____ PROVIDED INFORMATION

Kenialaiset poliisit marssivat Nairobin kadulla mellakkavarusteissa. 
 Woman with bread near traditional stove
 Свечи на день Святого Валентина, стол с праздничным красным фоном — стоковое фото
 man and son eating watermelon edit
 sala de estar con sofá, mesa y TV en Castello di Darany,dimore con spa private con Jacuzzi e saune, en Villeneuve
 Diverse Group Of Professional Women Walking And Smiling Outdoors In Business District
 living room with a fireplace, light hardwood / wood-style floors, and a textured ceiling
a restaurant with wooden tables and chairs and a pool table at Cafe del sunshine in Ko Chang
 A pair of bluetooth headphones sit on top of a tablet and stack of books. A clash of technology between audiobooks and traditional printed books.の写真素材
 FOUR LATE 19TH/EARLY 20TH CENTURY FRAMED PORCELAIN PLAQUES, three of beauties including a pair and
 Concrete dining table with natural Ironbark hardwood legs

________

* **WHAT THE TASK ASKS**
When a line in the data contains the string "traditional", copy that line.

* **RESULT FOR THIS EXERCISE**
 Woman with bread near traditional stove
 A pair of bluetooth headphones sit on top of a tablet and stack of books. A clash of technology between audiobooks and traditional printed books.の写真素材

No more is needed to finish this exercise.